Indian Defence Minister Rajnath Singh and National Security Advisor (NSA) Ajit Doval are expected to visit China later this month to attend Shanghai Cooperation Organisation (SCO) meetings, The Indian Express reported citing sources.
Doval is likely to be in China from June 24 to 26, while Singh may travel to Qingdao from June 25 to 27. These will be their first meetings with Chinese counterparts since the military flare-up between India and Pakistan in May, which followed India’s Operation Sindoor in response to the Pahalgam terror attack.
During the operation, Indian forces intercepted and destroyed advanced foreign-made weapons used by Pakistan, including Chinese PL-15 missiles and Turkish kamikaze drones.
Both Indian leaders will also come face-to-face with Pakistani representatives.
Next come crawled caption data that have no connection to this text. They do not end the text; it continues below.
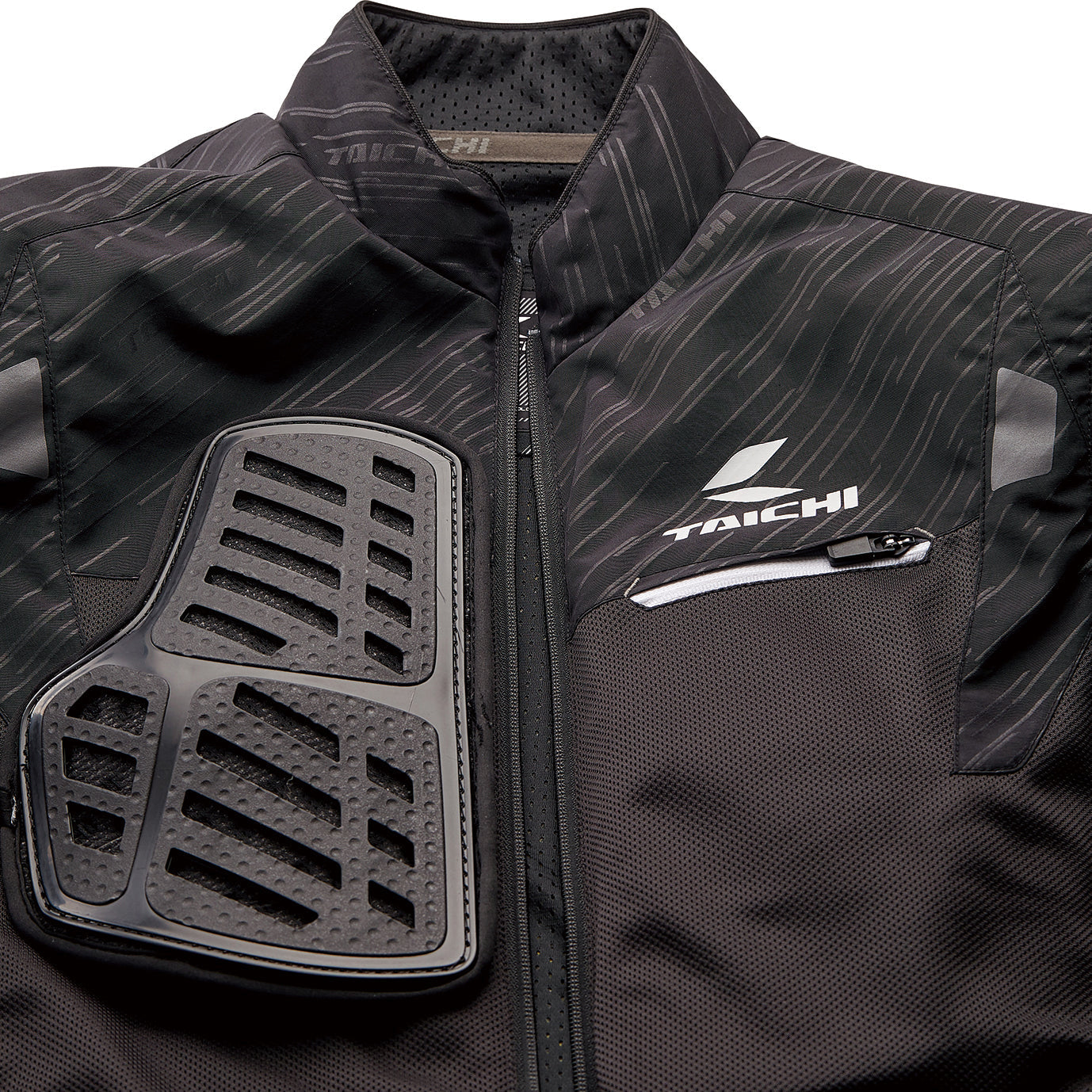 RS Taichi - TORQUE MESH JACKET BLACK/RED RSJ331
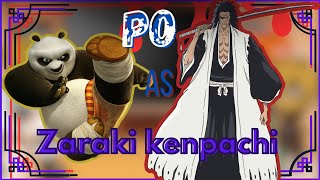 Kung Fu Panda reagindo a Po As Zaraki kenpachi Tik Toks Gacha React [upl. by Crescen]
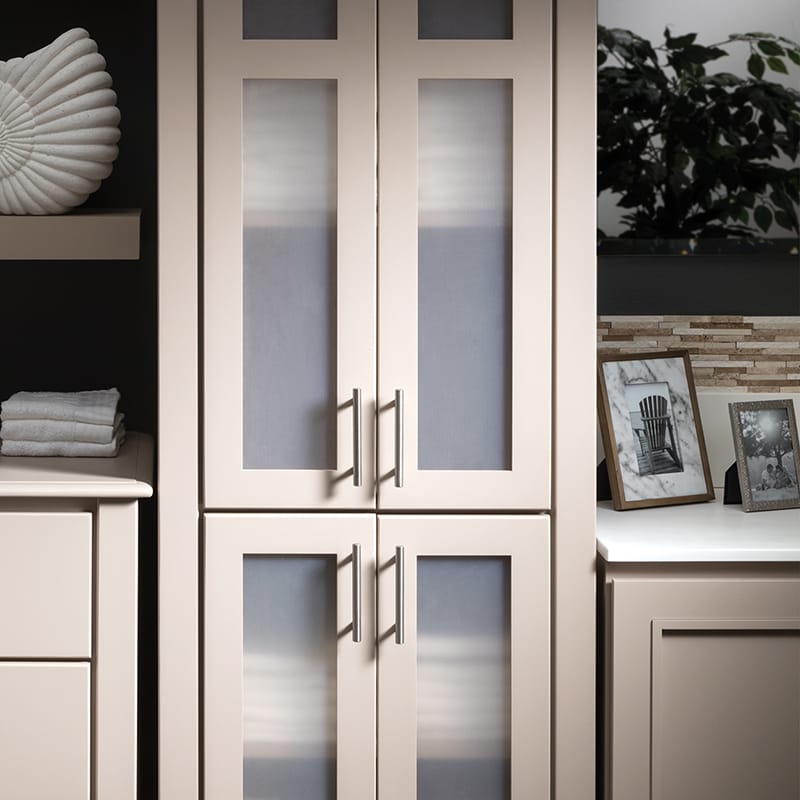 Textured Acrylic Door Inserts Bath Vanity Accessory Bertch Cabinet
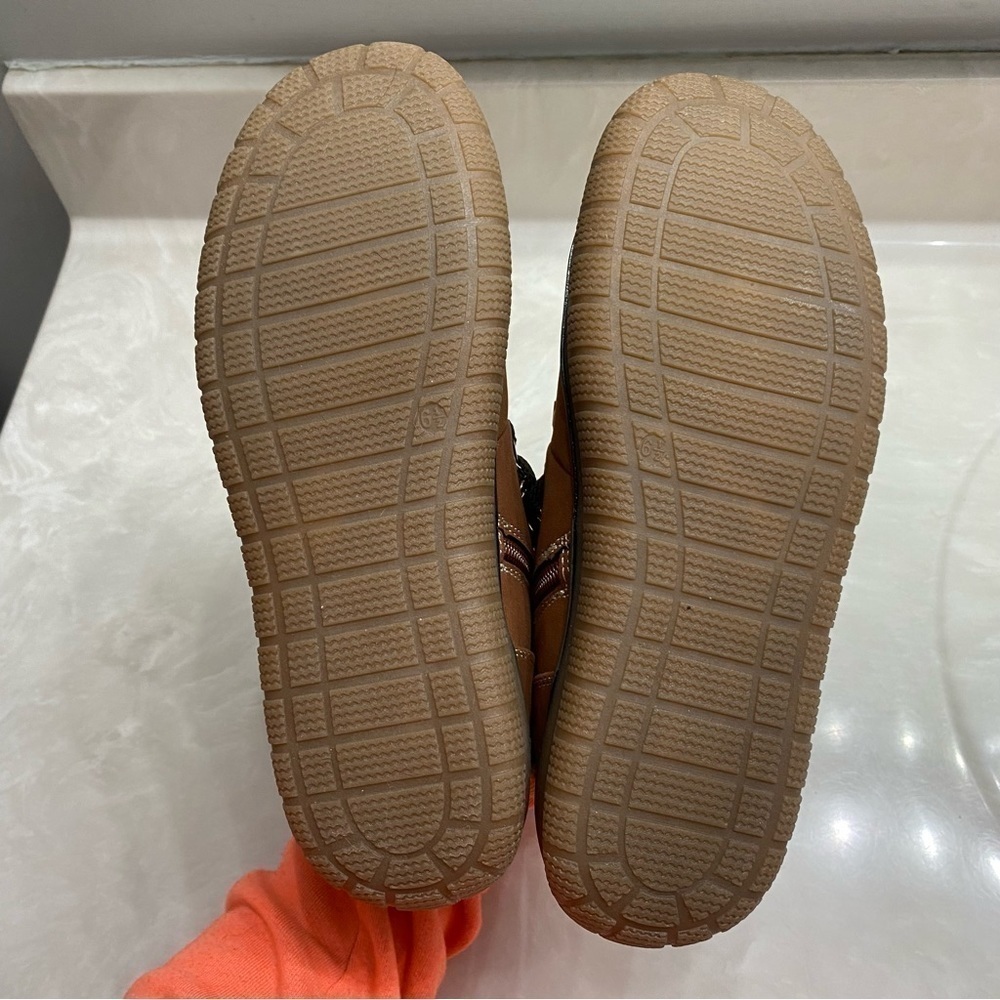 Brown Sherpa-Lined Hiker Boots | Björndal Everly 6.5 - Picture 7 of 15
Pakistan’s Defence Minister Khwaja Asif and NSA Lt Gen Asim Malik are expected to attend.
The meetings come ahead of the SCO leaders’ summit in Tianjin, hosted by China, and are part of efforts to stabilise India-China ties, which soured after the 2020 border standoff in eastern Ladakh.
Doval had visited Beijing in December last year, when India and China agreed on a “six-point consensus” that included restarting the Kailash Mansarovar Yatra, cooperation on trans-border rivers, and trade through the Nathula pass.
That was the first meeting between the Special Representatives (Doval and China’s Wang Yi) since the 2020 tensions. Both sides have since monitored the disengagement agreement signed in October 2024, with progress in restoring patrolling and grazing rights along the border.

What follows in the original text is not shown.